お兄さまに駆け寄り抱き着いた。ハスト兄さまは頭を撫でてくれた!打ち合わせのアドリブとはいえ嬉しいものです。これ以上無理ってレベルでキラキラオーラ出しまくりです。

(お兄さま、クラスメイトから羨ましがられてる事受け合いです!)

その後、間を置かずにラウラお姉さまがクラスメイトを引き連れて参上。引き連れてっていうか付いて来たっていうのが正しいのだが。

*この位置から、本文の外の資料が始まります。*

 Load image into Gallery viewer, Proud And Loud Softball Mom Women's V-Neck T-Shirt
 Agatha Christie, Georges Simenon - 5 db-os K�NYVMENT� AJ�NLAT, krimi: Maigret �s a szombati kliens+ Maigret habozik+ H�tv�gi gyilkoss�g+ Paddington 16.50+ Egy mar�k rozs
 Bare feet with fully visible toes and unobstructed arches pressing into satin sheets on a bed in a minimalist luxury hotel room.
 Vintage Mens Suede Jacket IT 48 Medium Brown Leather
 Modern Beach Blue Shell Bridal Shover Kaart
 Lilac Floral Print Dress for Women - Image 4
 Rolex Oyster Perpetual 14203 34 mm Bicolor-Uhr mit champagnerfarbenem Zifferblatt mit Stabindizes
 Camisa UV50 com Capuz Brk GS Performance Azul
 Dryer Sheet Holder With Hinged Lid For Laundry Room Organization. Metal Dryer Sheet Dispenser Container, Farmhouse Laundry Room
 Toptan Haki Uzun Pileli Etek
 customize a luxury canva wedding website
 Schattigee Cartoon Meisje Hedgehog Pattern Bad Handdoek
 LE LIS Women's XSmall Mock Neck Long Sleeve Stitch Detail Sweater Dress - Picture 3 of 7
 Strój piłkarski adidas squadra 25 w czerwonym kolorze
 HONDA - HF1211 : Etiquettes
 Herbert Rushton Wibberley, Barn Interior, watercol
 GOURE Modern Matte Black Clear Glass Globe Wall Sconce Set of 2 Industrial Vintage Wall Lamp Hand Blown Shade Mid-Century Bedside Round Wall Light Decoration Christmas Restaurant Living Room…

「ラウラお姉さまお帰りなさいませー!!早くお屋敷に帰りましょうよーー!」


「帰ってお茶にしましょうね!」


「やったーーー!!!」


ラウラお姉さまに抱き着き満面の笑みで手を握ってブンブン振った。

もう既に2クラス分の以上の生徒が集まっていたのでカオスな状態。

少し間を置いてテルルお姉さまがいらっしゃました。やはりというか、当然ながら取り巻きを引き連れて・・・イケメン多数!イケジョも多数!

(凄いぞ!テルル姉さま!!)


「テルル姉さまお迎えに上がりました。」


スカートの端と端を摘み、軽く足を曲げてご挨拶。その後・・・


「テルル姉さま!!」


っと抱きしめる。

(あざとさ全開!!ブラコンシスコンマックスレベル!!キラキラオーラもマックスです!!)

(ナイス私!私って演技派女優か!?)

心の中で笑いが止まらない。

お姉さま達もお兄さまも顔がにやけてますわよ!!

そしてはじまる質問責めと自分推しの売り込み。カオスレベルはマックスに!!

予想してたもみくちゃ状態!

テルル姉さまの脇の下に陣取りベッタリ抱きしめる、私!想定通りだ!

お姉さまは私を守る・・・ふりをする!!


頃合いを見計らって私は目で合図してフシミとシガラキに雄叫びを上げてもらった。


「「ギャギャギャギャギャギャーーー!!!」」


蜘蛛の子を散らしたように私たちを中心に離れていった。


「ドウドウドウ!!」

「ダメよ、シガラキ!!」


手綱を握りしめなだめる・・・ふりをするハスト兄さまとラウラお姉さま。

(流石です、お兄さまとお姉さまは演技派俳優ですか!?)

フシミとシガラキの周りにはロシュフォール家の者しか居なくなったので悠々と飛んで帰りました。


帰りの途中に爆笑したのは想像に難くない。